Programmed cell death serves fundamental functions during mammalian tissue development. Apoptosis is a highly regulated and controlled process and represents one form of programmed cell death. Defective and insufficient apoptosis processes can result in uncontrolled cell proliferation and cancer. Apoptosis is initiated by activating either the intrinsic or the extrinsic pathway, and it is executed by caspases. The intrinsic pathway is activated by endogenous stress signals or irradiation, which depends on the release of Cytochrome c (Cyt-c) from the mitochondria. In contrast, the extrinsic pathway (also known as the death receptor pathway) is mitochondrion-independent and is activated by extracellular ligands binding to cell-surface death receptors [1]. Apoptosis can be blocked by endogenous proteins such as the inhibitors of apoptosis proteins (IAPs). IAP proteins were first identified in baculoviruses, where they could inhibit the host’s defensive apoptotic response to infected insect cells and enhance viral replication [2]. Subsequently, several cellular IAP homologs were found in diverse organisms, including vertebrates, insects, and yeasts [3,4]. The human IAPs are a family of eight structurally and functionally related proteins. All IAP family members have one to three copies of a baculovirus IAP repeat (BIR), a domain with ~70 amino acids, which is the main mediator of the antiapoptotic function. Survivin is the smallest member of the IAPs and has only one BIR domain [5]. Survivin is a multi-tasking protein that is both essential for mitosis and can inhibit apoptosis. It has gained significant attention as a potential therapeutic target for cancer partially because it is expressed only in most rapidly dividing cells, such as cancer cells, while its expression is very low in differentiated normal cells. In addition, survivin expression correlates positively with chemoresistance, radiation insensitivity, and poor patient prognosis. Moreover, survivin plays a role in promoting tumor cell survival and cancer metastasis. 

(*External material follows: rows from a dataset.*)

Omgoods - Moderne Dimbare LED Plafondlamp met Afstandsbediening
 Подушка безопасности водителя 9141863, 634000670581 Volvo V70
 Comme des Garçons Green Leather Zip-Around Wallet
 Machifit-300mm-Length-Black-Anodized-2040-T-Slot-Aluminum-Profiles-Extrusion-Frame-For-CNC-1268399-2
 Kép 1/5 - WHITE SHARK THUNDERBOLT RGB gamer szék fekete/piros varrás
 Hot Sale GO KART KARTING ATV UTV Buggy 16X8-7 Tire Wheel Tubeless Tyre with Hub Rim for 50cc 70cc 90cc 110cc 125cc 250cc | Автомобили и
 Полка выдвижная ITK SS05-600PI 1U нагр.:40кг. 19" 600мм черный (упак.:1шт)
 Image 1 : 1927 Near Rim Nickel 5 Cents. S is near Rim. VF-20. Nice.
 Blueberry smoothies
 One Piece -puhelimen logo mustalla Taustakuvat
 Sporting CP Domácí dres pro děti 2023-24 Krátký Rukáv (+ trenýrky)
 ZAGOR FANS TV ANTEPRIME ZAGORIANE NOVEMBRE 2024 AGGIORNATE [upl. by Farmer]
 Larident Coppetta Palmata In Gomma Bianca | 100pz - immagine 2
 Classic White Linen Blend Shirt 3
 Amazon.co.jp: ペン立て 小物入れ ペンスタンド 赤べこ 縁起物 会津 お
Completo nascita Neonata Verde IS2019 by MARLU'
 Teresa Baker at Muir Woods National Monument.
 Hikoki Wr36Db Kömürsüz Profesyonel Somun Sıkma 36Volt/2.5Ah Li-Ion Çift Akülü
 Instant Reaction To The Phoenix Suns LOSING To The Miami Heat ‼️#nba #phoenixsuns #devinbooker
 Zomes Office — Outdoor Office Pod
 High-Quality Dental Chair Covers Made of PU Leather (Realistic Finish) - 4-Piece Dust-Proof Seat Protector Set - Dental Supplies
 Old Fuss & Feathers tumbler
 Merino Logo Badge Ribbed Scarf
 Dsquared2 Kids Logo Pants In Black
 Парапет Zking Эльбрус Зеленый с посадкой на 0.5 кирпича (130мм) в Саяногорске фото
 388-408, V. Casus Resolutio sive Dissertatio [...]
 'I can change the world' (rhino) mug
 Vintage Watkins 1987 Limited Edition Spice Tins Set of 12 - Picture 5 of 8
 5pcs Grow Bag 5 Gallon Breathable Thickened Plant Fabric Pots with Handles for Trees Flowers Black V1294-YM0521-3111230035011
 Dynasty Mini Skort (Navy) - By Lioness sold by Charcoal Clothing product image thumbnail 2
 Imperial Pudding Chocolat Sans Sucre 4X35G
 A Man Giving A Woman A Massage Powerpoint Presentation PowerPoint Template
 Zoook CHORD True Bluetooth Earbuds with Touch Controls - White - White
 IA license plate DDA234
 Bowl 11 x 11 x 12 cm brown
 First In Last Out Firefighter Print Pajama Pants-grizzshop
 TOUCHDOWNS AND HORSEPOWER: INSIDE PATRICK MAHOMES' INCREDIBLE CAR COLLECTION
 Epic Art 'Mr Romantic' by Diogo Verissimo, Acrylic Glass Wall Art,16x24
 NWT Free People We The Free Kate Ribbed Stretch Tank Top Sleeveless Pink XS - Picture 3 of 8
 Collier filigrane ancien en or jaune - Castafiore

Human survivin is a small protein with a molecular weight of 16.5 kDa and contains 142 amino acid residues. Structurally, human survivin closely resembles the BIR-containing proteins from yeasts and C. elegans [3,6]. Human survivin has a signal BIR domain (aa 18–88) in the N-terminal, followed by a linker region (aa 89–102) and an extended α-helix (aa 98–142) in the C-terminal (Figure 1) [6]. The BIR domain is stabilized by a zinc finger created by four amino acids: Cys57, Cys60, His77, and Cys84 [6]. Survivin exists in the body as both a monomer and a homodimer. Survivin monomers form a homodimer through interactions located mainly in the linker region and residues 6–10 in the N-terminal region of the BIR domain [5,7]. Survivin homodimerization for function is not always needed, since both the survivin monomer and dimer are functional. While most IAP proteins are predominantly cytosolic, survivin has been found in the cytoplasm, nucleus, mitochondria [8], exosomes [9], outer surface of the cell membrane, and extracellular matrix. Survivin possesses a dual function in the body: protection from apoptosis and regulation of cell division [10]. Recent reports also suggested that survivin is involved in autophagy [11], angiogenesis [12], and stemness [13].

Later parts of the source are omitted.